Pertanto, chiedeva che il Giudice annullasse la donazione di tali pertinenze fatte dal venditore dell’immobile a favore della figlia.
Costituiti in giudizio il dante causa e la figlia, gli stessi eccepivano che, al momento in cui erano state donate le predette pertinenze,
su di essi non esisteva alcun vincolo di incommerciabilità né trascrizioni di sorta.
Difatti, tale garage e posto auto erano stati realizzati dall’impresa costruttrice del palazzo in esubero rispetto a quelli da assegnare obbligatoriamente
con gli appartamenti del palazzo e pertanto non erano coperti da alcun vincolo o limitazione.
I motivi della decisione della Corte di Cassazione
La decisione della Corte si basa sulla scorta dell’accertamento compiuto dal CTU.
In particolare, occorre tenere a mente che, ai fini del calcolo per i posteggi disciplinati dalla Legge Tognoli
nel rapporto necessario fra le superfici destinate a posti auto pertinenziali e cubature riservate ad abitazioni, uffici e negozi
il calcolo deve avvenire al lordo e non al netto, ad esempio, dei corridoi carrabili per accedere ad aree di sosta, box e garage:
si tratta infatti di spazi funzionali a consentire la fruizione, una volta che è assicurato un numero minimo di parcheggi.
Alla luce di tale considerazione, gli elementi presi in considerazione dalla Suprema Corte sono stati i seguenti:
- il vincolo di destinazione ad aree di parcheggio era disciplinato, all’epoca dei fatti, dalla legge Tognoli;
- l’edificio realizzato non doveva rispettare gli standard urbanistici previsti dal “decreto floris”;
- lo spazio utilizzabile destinato a parcheggio eccedeva, nella misura di 387,60 mq, gli standards urbanistici previsti (ossia la proporzione di 1 mq di parcheggio per ogni 10 mc. di costruzione), a fronte di 45 posti auto realizzati;
- la superficie totale del garage e del posto auto in contestazione ammontava a circa 40 mq, ricompresi in detta superficie eccedente.
Per effetto così di tutte le predette considerazioni l’area in eccedenza non era soggetta ad alcun vincolo pertinenziale,
in favore dell’appartamento alienato alla ricorrente ed era di conseguenze liberamente commerciabile,
in adesione ai principi dettati dalla giurisprudenza richiamata, secondo cui in tale evenienza l’originario proprietario-
costruttore del fabbricato può legittimamente riservarsi, o cedere a terzi, la proprietà di tali parcheggi.
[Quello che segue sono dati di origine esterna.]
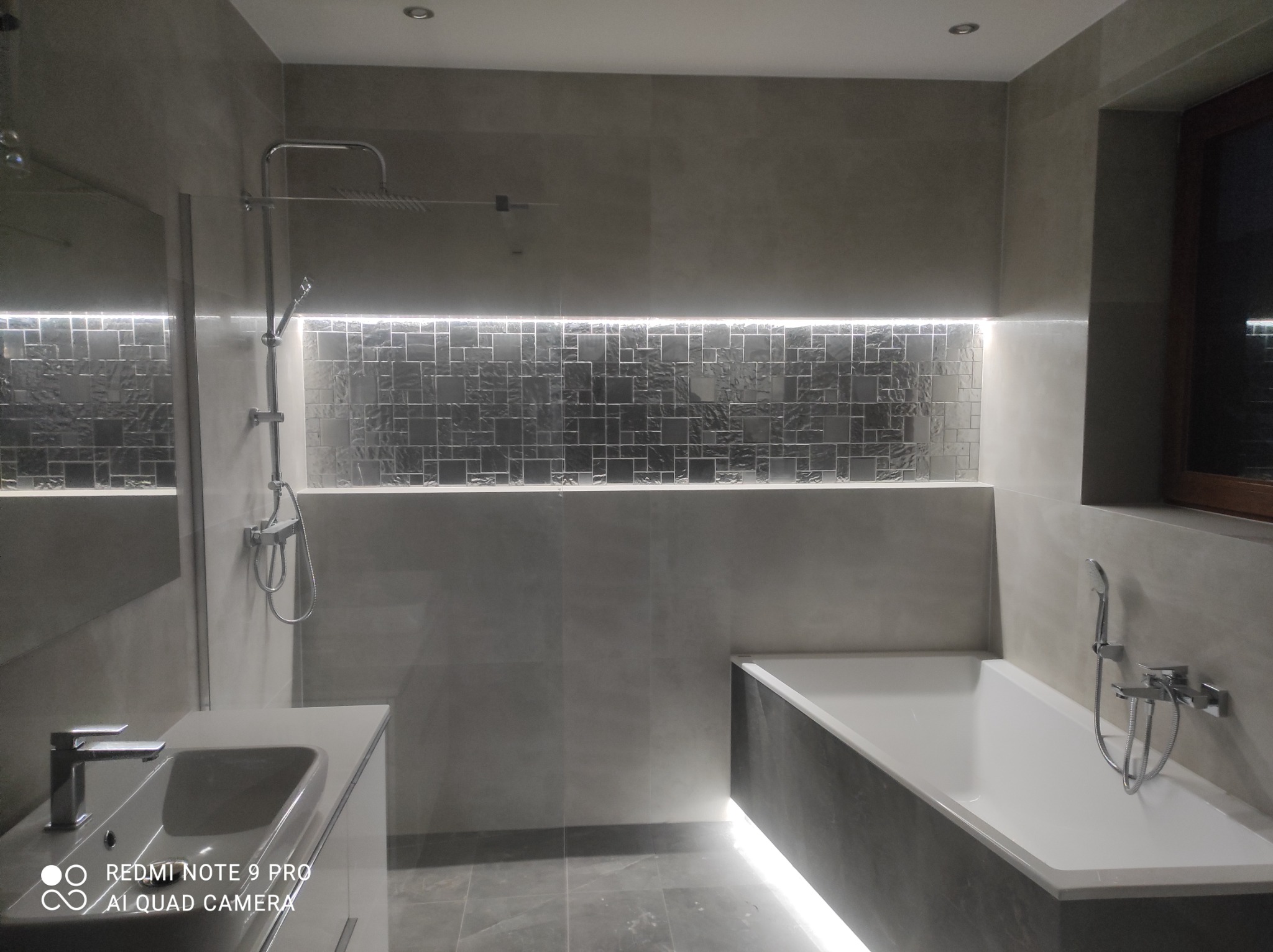 Nowoczesna łazienka z szarymi płytkami, podświetlanymi mozaikami i wanną z podświetleniem LED, minimalistyczny design.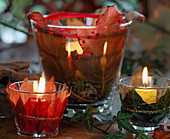 Wind lanterns wrapped in colorful autumn leaves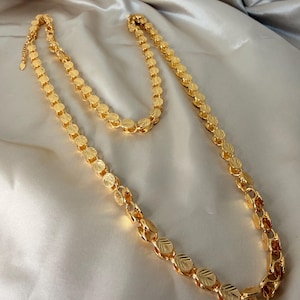 May include: A gold-colored necklace with a repeating pattern of circular and oval links. The necklace is displayed on a satin surface, and the links have a textured design. The chain is a long style, suitable for layering or wearing alone.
Sulla scorta di tutte le predette considerazioni la Suprema Corte rigetta così il ricorso e condanna il ricorrente alle spese di giudizio.
*Questo contenuto ha scopo informativo e non ha valore prescrittivo.
Per un’analisi strutturata su ciascun caso personale si raccomanda la consulenza di professionisti abilitati.